El problema con investigaciones como ésta en el Congo es que décadas de derramamiento de sangre y ayuda humanitaria han confundido el orden natural de las cosas hasta el punto en que ahora es imposible saber qué es qué. Si un grupo de corredores congoleños comenzara a entrenar por aquí, terminarían desplazando a una buena parte de la población sin ser esa su intención; la gente ha aprendido a relacionar los hombres corriendo con las masacres y las violaciones: a la primera señal de problemas, salen huyendo.

La última noche cenamos atún y espagueti con chocolate deshecho gracias a un error administrativo del fotógrafo Phil. Era hora de irse, pero la misión no había sido un completo fracaso: tres desertores del FDLR fueron evacuados con nosotros a Goma, con sus siete hijos y sus tres esposas, tras apuntarse a un plan de rehabilitación.
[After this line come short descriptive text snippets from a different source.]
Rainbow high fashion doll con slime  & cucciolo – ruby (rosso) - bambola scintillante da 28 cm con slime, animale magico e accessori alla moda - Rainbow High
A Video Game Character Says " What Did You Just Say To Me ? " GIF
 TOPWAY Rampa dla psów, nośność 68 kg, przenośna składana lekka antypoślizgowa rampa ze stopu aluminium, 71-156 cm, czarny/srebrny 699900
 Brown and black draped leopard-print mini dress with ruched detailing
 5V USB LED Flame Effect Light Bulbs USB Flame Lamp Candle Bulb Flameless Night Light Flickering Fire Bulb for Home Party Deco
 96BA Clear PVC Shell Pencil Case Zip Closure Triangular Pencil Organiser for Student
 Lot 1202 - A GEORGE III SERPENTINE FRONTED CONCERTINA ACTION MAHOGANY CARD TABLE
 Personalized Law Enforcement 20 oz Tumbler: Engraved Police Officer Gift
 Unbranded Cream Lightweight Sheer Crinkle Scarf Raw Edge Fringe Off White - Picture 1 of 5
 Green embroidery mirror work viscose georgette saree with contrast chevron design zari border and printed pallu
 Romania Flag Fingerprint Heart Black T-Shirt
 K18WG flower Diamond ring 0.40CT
Mientras el helicóptero se elevaba, las niñas tocaron nuestras manos y rodillas en busca de algo que las reconfortara. Los hombres estaban sentados al fondo sin expresión en sus rostros. Cuando sobrevolamos Goma, aprecié en el rostro de la madre y esposa sentada a mi lado una expresión de increíble tristeza. Tenía la mirada perdida sobre el lago Kivu bajo la luz de la mañana. Observando los jardines perfectos y las paredes de estuco de la suntuosa residencia del presidente Kabila junto al lago, me embargó una sensación de indignación por el sufrimiento de esta gente.

Si no podemos determinar la verdad cuando las cosas se ponen feas, ¿no estamos, como comunidad internacional, defraudando a estas personas tanto como sus gobernantes? Como dijo Samuel Dixon, estratega político para Oxfam y experto en Congo: “Es inaceptable que se siga sin detener e informar de la violencia en Congo. Mientras los líderes del mundo condenan, como deben, las masacres en Siria, las tragedias humanas en Congo permanecen, en el mejor de los casos, escondidas, e ignoradas en el peor de ellos”.

Aunque mi experiencia con la misión de la ONU en el Congo no fue del todo negativa, tuve la impresión de que no se está poniendo tanto ahínco como se debería para sacar a ese país de su lodazal.
 
*Si te estás preguntando qué fue eso que presencié y que no debí haber visto, déjalo. No fue tan interesante.